--- PROBLEM TO SOLVE ---
In the records below, find the line with "Chargeur plomb 48" and the line with "TonLion 2022 Couple's". Print both exactly, along with every line between them, and no other line.

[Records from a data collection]
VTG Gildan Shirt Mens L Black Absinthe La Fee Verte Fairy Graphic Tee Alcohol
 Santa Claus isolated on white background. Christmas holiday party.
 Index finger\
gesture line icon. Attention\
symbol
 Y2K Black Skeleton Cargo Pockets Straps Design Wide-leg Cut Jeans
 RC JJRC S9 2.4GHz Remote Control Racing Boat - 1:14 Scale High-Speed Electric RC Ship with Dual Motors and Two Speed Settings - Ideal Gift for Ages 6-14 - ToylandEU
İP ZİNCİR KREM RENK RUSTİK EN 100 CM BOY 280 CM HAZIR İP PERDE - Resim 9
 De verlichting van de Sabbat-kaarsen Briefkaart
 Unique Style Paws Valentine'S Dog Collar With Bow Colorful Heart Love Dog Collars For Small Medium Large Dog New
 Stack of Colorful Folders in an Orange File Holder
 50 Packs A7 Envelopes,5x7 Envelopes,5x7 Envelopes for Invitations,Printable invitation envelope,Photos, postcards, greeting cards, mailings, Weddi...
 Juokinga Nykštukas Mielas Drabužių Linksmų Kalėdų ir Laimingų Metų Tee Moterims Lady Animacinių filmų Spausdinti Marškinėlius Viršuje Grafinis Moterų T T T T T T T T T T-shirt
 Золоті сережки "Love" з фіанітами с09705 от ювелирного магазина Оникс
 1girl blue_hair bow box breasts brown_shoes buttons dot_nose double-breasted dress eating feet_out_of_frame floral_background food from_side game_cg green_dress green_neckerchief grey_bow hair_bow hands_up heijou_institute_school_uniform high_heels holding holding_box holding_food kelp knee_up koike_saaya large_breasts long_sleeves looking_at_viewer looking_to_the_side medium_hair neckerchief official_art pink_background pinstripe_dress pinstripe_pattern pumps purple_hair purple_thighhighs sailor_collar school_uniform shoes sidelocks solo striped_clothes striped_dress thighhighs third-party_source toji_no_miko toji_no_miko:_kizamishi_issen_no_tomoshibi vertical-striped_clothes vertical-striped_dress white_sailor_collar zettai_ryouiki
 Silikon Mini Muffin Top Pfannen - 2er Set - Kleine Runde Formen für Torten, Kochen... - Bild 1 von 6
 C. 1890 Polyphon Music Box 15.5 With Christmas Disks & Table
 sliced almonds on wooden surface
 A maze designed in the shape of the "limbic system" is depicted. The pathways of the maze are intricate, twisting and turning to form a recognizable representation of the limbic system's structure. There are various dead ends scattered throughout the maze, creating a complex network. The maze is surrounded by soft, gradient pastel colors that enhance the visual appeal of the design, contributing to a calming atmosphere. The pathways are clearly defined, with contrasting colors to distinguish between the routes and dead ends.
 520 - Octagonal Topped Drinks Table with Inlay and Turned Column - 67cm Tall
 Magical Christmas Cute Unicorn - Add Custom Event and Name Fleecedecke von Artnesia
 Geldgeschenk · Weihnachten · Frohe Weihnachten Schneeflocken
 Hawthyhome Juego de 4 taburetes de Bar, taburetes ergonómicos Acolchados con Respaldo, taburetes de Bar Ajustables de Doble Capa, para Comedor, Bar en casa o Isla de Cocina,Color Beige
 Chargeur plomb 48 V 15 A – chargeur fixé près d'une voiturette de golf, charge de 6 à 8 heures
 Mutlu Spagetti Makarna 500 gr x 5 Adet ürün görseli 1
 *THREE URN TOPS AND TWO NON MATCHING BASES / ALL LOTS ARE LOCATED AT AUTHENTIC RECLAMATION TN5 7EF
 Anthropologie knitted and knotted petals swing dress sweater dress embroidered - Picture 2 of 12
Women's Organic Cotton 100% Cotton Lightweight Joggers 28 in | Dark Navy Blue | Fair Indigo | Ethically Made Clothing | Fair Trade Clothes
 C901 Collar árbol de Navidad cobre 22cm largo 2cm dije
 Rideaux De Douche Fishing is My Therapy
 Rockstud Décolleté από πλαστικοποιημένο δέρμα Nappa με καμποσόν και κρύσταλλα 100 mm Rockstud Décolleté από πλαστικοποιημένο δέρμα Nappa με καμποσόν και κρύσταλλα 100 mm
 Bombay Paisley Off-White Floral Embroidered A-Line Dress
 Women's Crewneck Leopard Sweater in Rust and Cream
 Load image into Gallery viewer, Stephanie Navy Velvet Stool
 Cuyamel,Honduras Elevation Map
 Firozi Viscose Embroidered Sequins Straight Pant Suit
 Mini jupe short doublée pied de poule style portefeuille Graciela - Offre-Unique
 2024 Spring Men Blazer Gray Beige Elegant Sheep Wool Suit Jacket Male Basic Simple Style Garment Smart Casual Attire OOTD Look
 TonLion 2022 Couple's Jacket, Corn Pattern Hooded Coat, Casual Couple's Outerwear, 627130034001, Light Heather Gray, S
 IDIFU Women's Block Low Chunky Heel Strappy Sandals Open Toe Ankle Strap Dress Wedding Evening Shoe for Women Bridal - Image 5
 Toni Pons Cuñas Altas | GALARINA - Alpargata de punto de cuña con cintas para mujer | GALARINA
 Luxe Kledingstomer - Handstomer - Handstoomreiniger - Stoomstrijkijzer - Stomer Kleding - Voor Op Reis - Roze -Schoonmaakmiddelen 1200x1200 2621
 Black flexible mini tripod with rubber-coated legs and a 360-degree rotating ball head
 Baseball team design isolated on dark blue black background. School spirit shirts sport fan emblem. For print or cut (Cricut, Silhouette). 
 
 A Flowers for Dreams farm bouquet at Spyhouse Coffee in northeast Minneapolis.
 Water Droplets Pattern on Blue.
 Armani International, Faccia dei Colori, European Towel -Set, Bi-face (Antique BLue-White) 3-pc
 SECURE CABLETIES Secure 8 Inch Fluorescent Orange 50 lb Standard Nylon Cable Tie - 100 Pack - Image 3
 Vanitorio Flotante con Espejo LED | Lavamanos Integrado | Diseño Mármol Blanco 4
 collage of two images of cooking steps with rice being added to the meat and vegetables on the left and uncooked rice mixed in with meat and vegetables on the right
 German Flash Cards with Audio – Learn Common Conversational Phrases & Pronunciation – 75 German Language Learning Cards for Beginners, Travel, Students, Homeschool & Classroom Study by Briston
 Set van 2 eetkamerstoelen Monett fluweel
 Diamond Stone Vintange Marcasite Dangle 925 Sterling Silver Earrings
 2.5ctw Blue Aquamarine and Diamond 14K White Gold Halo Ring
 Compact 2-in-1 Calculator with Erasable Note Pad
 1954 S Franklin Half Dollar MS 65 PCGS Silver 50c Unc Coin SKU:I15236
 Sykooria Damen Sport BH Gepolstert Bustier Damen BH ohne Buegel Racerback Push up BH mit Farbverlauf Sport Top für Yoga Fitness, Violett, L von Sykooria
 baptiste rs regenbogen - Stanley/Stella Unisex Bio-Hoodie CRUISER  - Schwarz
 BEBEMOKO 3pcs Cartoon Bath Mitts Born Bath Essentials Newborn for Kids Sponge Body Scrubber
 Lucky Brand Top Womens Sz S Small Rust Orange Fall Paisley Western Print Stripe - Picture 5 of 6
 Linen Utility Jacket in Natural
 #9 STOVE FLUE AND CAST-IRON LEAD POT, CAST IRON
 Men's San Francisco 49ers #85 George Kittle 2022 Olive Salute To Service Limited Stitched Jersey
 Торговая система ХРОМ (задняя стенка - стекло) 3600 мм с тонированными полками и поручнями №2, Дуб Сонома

--- WRITTEN SOLUTION ---
 Chargeur plomb 48 V 15 A – chargeur fixé près d'une voiturette de golf, charge de 6 à 8 heures
 Mutlu Spagetti Makarna 500 gr x 5 Adet ürün görseli 1
 *THREE URN TOPS AND TWO NON MATCHING BASES / ALL LOTS ARE LOCATED AT AUTHENTIC RECLAMATION TN5 7EF
 Anthropologie knitted and knotted petals swing dress sweater dress embroidered - Picture 2 of 12
Women's Organic Cotton 100% Cotton Lightweight Joggers 28 in | Dark Navy Blue | Fair Indigo | Ethically Made Clothing | Fair Trade Clothes
 C901 Collar árbol de Navidad cobre 22cm largo 2cm dije
 Rideaux De Douche Fishing is My Therapy
 Rockstud Décolleté από πλαστικοποιημένο δέρμα Nappa με καμποσόν και κρύσταλλα 100 mm Rockstud Décolleté από πλαστικοποιημένο δέρμα Nappa με καμποσόν και κρύσταλλα 100 mm
 Bombay Paisley Off-White Floral Embroidered A-Line Dress
 Women's Crewneck Leopard Sweater in Rust and Cream
 Load image into Gallery viewer, Stephanie Navy Velvet Stool
 Cuyamel,Honduras Elevation Map
 Firozi Viscose Embroidered Sequins Straight Pant Suit
 Mini jupe short doublée pied de poule style portefeuille Graciela - Offre-Unique
 2024 Spring Men Blazer Gray Beige Elegant Sheep Wool Suit Jacket Male Basic Simple Style Garment Smart Casual Attire OOTD Look
 TonLion 2022 Couple's Jacket, Corn Pattern Hooded Coat, Casual Couple's Outerwear, 627130034001, Light Heather Gray, S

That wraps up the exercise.